"Oh, lovely. Now there's a surprise. How charitable of her. What could possibly go wrong? What a genius." These are remarks you usually read on the Internet and most of the time they are uttered with a full package of snark intended. Most of the time.
Researchers are now trying to teach computers to recognize sarcasm in an effort to improve computers' ability to make sense of human communications, said Will Knight, senior editor for AI at MIT Technology Review.
Two scientists have been working on a system capable of recognizing instances of sarcasm on Twitter. They authored a paper about their work for the Proceedings of the Ninth International AAAI (Association for the Advancement of Artificial Intelligence) Conference on Web and Social Media.
"Contextualized Sarcasm Detection on Twitter" is by David Bamman and Noah A. Smith; they describe their effort as a series of experiments to understand the effect of "extra-linguistic information" on the detection of sarcasm. Who are the speakers? Who is the audience? Context rules.
Will Knight commented on the significance of their research. "Previous efforts to automatically recognize sarcasm in text relied entirely on linguistic cues. What's interesting here is that the researchers tried to include some wider context, such as who the author was and what they were tweeting about. And they found it to be noticeably better than existing approaches, correctly guessing 85 percent of the time if a post was sarcastic."
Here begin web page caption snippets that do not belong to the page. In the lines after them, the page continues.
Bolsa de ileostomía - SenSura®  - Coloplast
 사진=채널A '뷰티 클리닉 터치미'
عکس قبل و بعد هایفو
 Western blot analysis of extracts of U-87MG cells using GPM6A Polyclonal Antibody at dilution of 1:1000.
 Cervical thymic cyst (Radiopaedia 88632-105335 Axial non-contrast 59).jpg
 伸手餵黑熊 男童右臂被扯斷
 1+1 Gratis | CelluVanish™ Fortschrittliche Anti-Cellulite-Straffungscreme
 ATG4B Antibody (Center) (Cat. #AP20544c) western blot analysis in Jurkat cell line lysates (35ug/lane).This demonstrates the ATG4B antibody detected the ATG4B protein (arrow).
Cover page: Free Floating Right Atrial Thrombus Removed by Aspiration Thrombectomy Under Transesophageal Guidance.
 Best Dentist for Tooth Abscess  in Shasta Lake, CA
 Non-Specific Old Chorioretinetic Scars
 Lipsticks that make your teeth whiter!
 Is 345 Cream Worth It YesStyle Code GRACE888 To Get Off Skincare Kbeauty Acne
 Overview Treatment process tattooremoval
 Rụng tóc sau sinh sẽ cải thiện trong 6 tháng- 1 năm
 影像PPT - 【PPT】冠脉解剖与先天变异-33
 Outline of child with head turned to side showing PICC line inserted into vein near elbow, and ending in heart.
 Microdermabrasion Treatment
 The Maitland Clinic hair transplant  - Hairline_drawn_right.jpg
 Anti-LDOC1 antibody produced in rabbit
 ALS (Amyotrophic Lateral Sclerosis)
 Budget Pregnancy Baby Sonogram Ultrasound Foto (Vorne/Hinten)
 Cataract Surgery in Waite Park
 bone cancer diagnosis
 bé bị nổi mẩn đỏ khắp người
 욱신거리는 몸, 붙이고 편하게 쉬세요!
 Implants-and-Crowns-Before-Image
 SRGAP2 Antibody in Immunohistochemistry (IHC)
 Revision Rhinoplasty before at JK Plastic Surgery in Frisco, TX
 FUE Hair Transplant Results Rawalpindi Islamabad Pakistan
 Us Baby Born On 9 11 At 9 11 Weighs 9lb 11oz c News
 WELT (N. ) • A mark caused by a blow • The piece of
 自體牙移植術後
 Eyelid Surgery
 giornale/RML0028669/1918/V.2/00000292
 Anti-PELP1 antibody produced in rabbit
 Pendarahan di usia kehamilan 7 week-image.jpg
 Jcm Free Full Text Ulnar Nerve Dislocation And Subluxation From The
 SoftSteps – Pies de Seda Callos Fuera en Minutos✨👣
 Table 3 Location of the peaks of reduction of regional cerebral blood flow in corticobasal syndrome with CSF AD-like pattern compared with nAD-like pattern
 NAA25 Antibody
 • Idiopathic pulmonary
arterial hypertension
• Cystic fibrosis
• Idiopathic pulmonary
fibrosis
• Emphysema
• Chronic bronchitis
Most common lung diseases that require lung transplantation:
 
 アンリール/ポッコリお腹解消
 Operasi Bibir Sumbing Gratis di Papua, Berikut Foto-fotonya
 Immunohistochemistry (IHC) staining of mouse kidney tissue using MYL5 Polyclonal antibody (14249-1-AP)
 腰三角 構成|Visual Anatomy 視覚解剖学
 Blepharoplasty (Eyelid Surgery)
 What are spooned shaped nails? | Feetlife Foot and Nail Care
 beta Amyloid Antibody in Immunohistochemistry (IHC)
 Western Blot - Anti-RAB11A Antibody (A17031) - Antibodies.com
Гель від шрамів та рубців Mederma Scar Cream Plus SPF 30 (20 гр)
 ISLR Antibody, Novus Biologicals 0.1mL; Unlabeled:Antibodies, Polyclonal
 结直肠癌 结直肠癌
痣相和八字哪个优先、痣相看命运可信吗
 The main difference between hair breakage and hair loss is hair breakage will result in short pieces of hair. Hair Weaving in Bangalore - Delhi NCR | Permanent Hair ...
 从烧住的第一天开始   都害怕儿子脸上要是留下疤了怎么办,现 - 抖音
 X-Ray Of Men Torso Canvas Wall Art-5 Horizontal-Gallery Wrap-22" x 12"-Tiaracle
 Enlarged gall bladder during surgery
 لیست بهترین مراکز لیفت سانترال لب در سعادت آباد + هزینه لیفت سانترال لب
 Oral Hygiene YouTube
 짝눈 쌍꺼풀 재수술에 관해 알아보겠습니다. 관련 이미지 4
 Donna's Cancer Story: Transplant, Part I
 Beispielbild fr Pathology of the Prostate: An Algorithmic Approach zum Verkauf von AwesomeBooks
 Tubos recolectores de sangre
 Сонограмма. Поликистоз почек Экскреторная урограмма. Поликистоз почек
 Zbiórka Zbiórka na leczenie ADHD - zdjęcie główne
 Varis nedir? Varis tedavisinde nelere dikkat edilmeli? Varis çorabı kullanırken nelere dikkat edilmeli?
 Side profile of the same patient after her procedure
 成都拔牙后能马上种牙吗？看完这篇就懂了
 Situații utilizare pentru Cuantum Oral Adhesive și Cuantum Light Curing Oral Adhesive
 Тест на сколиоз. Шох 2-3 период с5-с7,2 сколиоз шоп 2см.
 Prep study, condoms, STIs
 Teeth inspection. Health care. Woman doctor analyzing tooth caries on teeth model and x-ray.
Their main findings were that "Including any aspect of the environment (features derived from the communicative context, the author, or the audience) leads to improvements in prediction accuracy."
They also found that when users are less familiar with their audience, they are more likely to tag their message with the explicit hashtag #sarcasm.
This work interestingly involved computing resources made available by the Open Science Data Cloud (OSDC). This is a petabyte-scale scientific community cloud which has become a "data science ecosystem." Researchers can house and share their scientific data, access complementary public datasets, build and share customized virtual machines with whatever tools necessary to analyze their data and perform analysis to answer their research questions. "It is a one-stop shop for making scientific research faster and easier."
(With datasets growing larger and larger, researchers have found that the bottleneck to discovery is less lack of data and more an inability to manage, analyze, and share large datasets. The goal of the group has been to remove the bottleneck.)
Discussing their results, the authors said that "while tweet-only information yields an average accuracy of 75.4 percent across all ten folds, adding response features pushes this to 77.3 percent, audience features to 79.0% and author features to 84.9 percent. Including all features together yields the best performance at 85.1 percent, but most of these gains come simply from the addition of author information."
What if there is no audience familiarity, no shared common ground in geography, for example?
"In the absence of shared common ground required for their interpretation, explicit illocutionary markers are often necessary to communicate intent." They wrote that "the #sarcasm hashtag is not a natural indicator of sarcasm expressed between friends, but rather serves an important communicative function of signaling the author's intent to an audience who may not otherwise be able to draw the correct inference about their message."
Caitlin Dewey, writing in The Washington Post back in August, quoted computational linguist Bamman on sarcasm on the Internet. "Sarcasm detection is a very difficult computational problem," said Bamman.